Short descriptive text snippets:

- - - - -

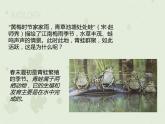 人教版生物八下 7.1.3两栖动物的生殖和发育 【课件】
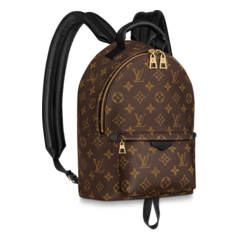 Shop the Louis Vuitton Palm Springs PM Bag for Women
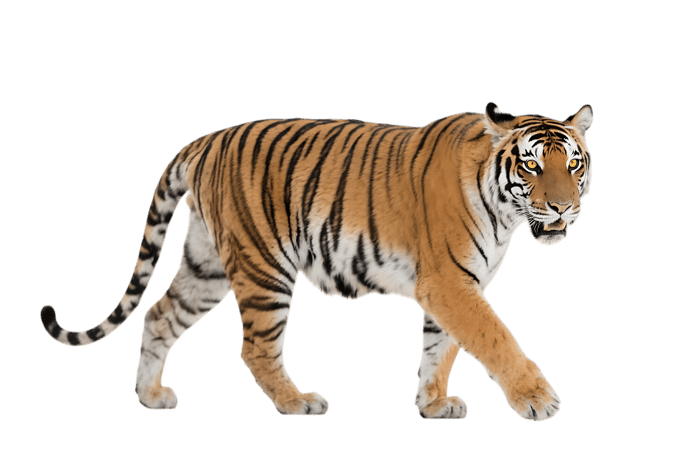 Walking bengal tiger on transparent background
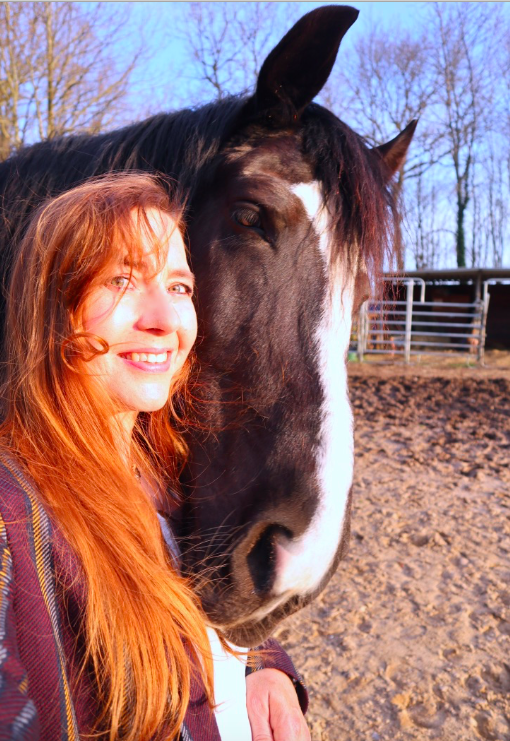 Bildschirmfoto 2020-03-22 um 12.41.44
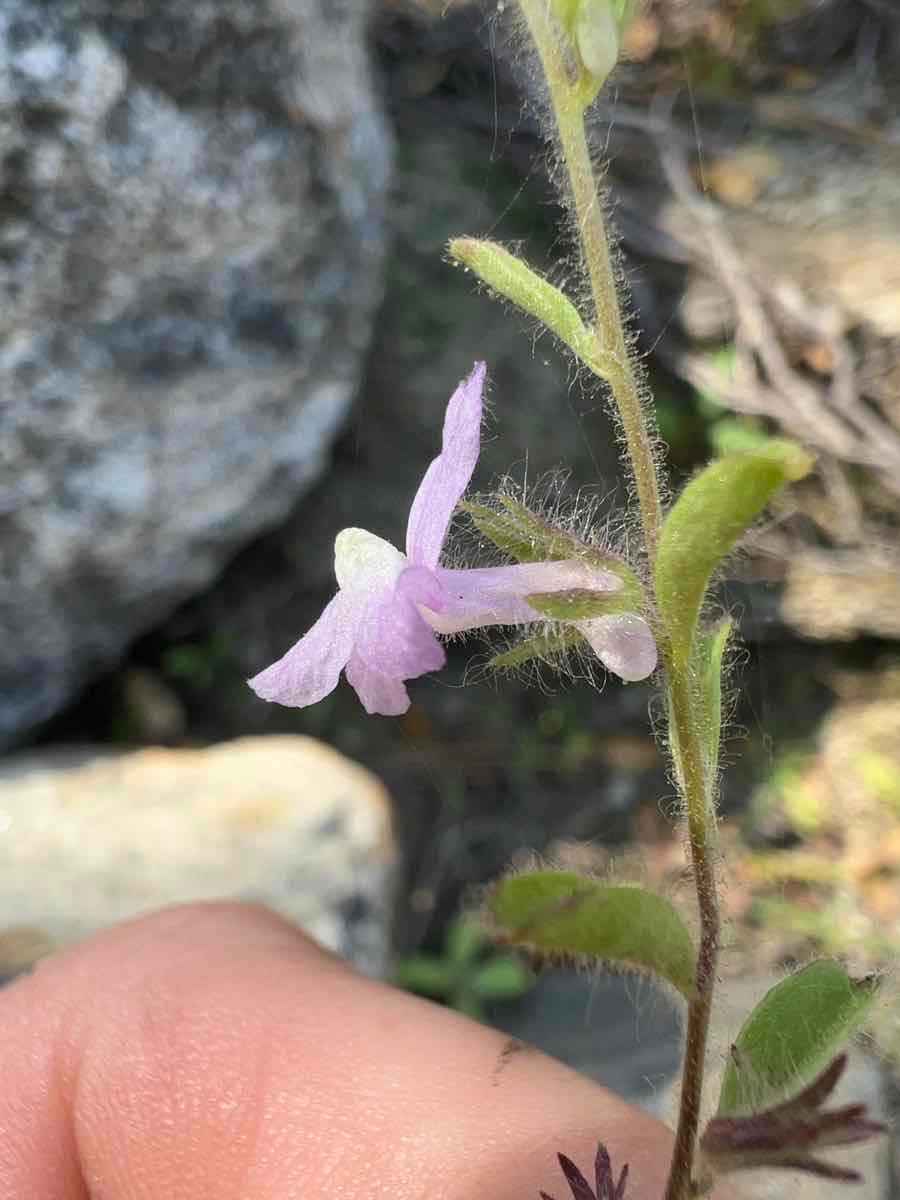 Antirrhinum leptaleum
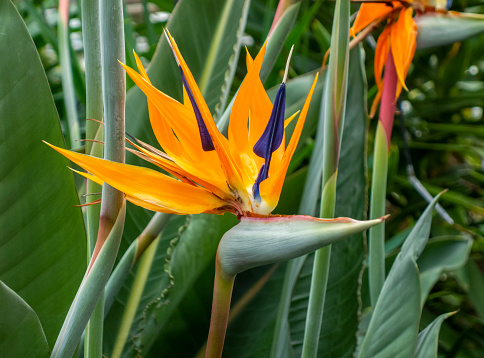 Strelitzia reginae or Bird of Paradise with distinctive iridescent  flowers. Close up, bokeh.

- - - - -

◆ What this task involves ◆
Exact copy, no pictures: reproduce every entry shown above.

◆ Answer to the problem ◆
 人教版生物八下 7.1.3两栖动物的生殖和发育 【课件】
 Shop the Louis Vuitton Palm Springs PM Bag for Women
 Walking bengal tiger on transparent background
 Bildschirmfoto 2020-03-22 um 12.41.44
 Antirrhinum leptaleum
 Strelitzia reginae or Bird of Paradise with distinctive iridescent  flowers. Close up, bokeh.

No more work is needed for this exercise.